During her career, Underwood’s research has focused on the developmental origins and outcomes of social aggression and how adolescents’ digital communication relates to adjustment.

Her first full-time job in higher education was at Reed College in Portland, Oregon. In 1998, Underwood took a faculty position at the University of Texas at Dallas to be closer to her parents and to join the late Bert Moore, a dean who she described as a visionary leader who taught her how to become a good administrator. While at UT Dallas, she was named the Ashbel Smith Professor of Psychological Sciences; helped launch the Center for Children and Families; served as associate dean for programs and administration; and eventually became dean of graduate studies and associate provost.

In 2018, she was recruited to Purdue University, where she served as dean of the College of Health and Human Sciences and Distinguished Professor of Psychological Sciences.

She was named CSU’s new provost and executive vice president in October, and began serving in that role Jan. 1.
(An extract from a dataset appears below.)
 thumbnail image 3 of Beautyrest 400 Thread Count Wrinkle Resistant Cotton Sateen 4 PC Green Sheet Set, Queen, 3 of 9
“As a renowned scholar and accomplished academic administrator who is grounded in the land-grant tradition, Dr. Underwood will provide academic vision and leadership as we continue to elevate CSU as a leading land-grant university,” CSU President Amy Parsons said.

Values and priorities

Underwood explained that her core beliefs in access to higher education, diversity, equity and openness to all individuals come from her late parents.
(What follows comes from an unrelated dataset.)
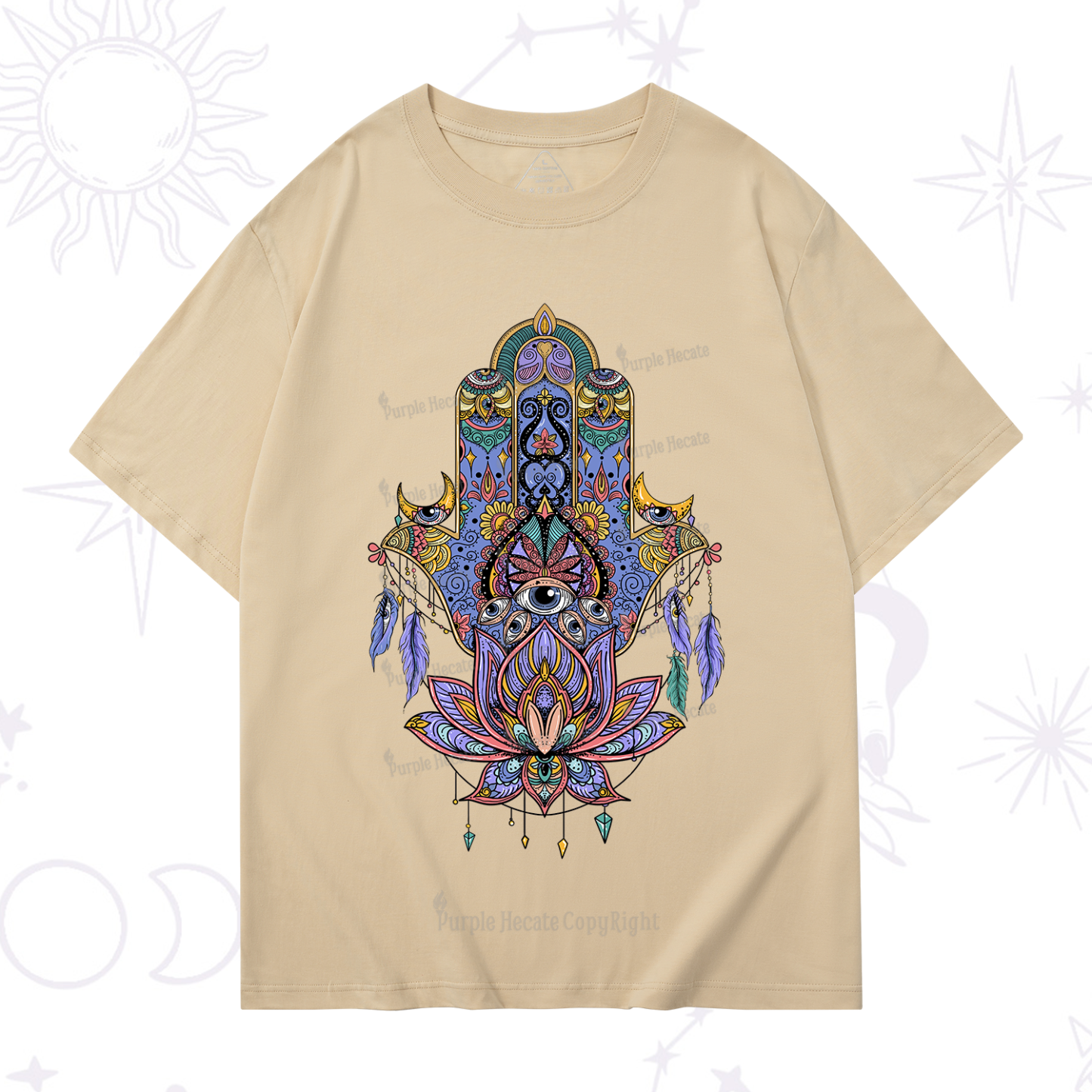 Purplehecate Hamsa Evil Eye T-Shirt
“It goes back to my family,” she said. “My father was a professor, and my parents wanted us to pursue a good education and treat other people well. They modeled being open to new communities and all types of people. They valued inclusion and never met a stranger.”

At CSU, Underwood sees excellence in many areas – including research, sustainability, democracy and the One Health model – and she wants to elevate the University even further so that the world knows that CSU offers “excellent educational programs in a way that students from all backgrounds can succeed.” She said she looks forward to working with academic leadership, Faculty Council and the faculty on innovations to the undergraduate curriculum and elevating graduate education.

“I have really high standards, but I believe in having both excellence and a high level of support,” she said. “And we can’t be the country we want to be unless more people have access to higher education.”